Rabu, 16 Desember 2015

Kisah Motinggo

Ruang baca itu kini gelap.

"Iin tahu kamu tidak berani."

"Tidak berani apa Iin?" tanya Jamal gemetar.

"Tidak berani menyatakan sesuatu."

"Sesuatu apa?"

"Sesuatu."

"Sesuatu apa?" Jamal berucap sembari ketawa.

"Hmmm. Takut ya?"

Jamal menatap wajah Inneke. Senyumnya penuh kegentaran.

"Saya berani mengatakannya," kata Jamal tiba-tiba.

"Menyatakan apa?" tanya Inneke.

"Cinta," suara Jamal hampir tertelan.

Mendengar itu Inneke malahan pucat. Gadis itu bangkit dari sofa lalu terduduk. Mukanya kini hanya berjarak sejengkal dari Jamal. Dipandanginya lelaki itu.

Tanpa diduganya, sebelah tangan Jamal menjamah bahunya, lalu pelan-pelan menarik lehernya.

Gemetar Jamal ketika menundukkan kepala lantas menempelkan bibirnya pada kening Inneke, lalu turun mencapai ujung hidung gadis itu, dan kemudian melumat bibirnya dengan lembut.

....

Delapan belas tahun lalu saya menamatkan novel karangan Motinggo ini, "Puteri Seorang Jenderal". Ritmenya turun naik penuh hentakan, sehingga secara tak sabar saya menyelesaikannya hanya dalam dua malam.

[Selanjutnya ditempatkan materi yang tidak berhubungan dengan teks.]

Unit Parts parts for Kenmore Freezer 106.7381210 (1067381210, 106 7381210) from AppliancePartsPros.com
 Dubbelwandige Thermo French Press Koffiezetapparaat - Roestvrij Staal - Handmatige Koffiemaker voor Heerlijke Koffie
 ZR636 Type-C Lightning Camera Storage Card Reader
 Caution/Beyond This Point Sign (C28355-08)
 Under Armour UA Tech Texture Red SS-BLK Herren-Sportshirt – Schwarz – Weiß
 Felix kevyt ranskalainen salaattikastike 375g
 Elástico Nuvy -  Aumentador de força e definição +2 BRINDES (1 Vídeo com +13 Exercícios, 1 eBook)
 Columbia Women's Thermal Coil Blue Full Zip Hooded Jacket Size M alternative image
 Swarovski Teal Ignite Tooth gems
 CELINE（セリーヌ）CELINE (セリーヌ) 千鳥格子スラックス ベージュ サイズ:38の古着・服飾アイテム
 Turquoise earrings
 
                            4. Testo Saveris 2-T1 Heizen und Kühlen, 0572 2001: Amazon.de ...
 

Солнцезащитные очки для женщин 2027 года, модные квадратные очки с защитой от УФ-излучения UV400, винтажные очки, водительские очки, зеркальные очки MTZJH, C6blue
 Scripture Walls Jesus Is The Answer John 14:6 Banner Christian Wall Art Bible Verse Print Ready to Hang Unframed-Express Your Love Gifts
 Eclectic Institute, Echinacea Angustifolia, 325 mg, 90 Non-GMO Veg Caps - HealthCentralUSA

Tragis. Sebuah kecelakaan kuda kemudian merenggut Inneke dari Jamal. Puteri jenderal itu kehilangan memori dan mengalami kelumpuhan total. Jamal, yang sebenarnya datang dari keluarga sederhana, namun telah disukai oleh keluarga Inneke karena kepandaian dan kehangatannya, sesungguhnya tabah menerima keadaan kekasihnya itu.

Namun selepas kuliah ia diterima bekerja di Natuna, yang menghadapkannya pada dilema besar. Di satu sisi ia ingin tetap berada di dekat kekasihnya yang kini cacat, namun di sisi lain sebagai anak tertua ia harus bertanggung jawab atas perekonomian keluarganya.

Atas bujukan ayah Inneke, yang paham bahwa puterinya kini tak lagi punya masa depan, Jamal akhirnya pergi merantau. Tapi ia tetap mencintai Inneke. Ia terus mengirimi kabar dan memantau perkembangan Inneke melalui surat. Berbilang bulan, hingga tahun.

Sesudah sekian lama, sang jenderal berpikiran bahwa perhatian dan surat-surat dari Jamal untuk puterinya hanyalah bentuk sopan santun dari seorang gentleman saja. Sebagai lelaki, ia menduga bahwa Jamal mungkin saja sudah mulai membangun kehidupan baru. Dan dia memang berhak mendapatkannya. Surat-suratnya untuk Inneke-pun kemudian dibendungnya. Tak ada lagi balasan untuk Jamal.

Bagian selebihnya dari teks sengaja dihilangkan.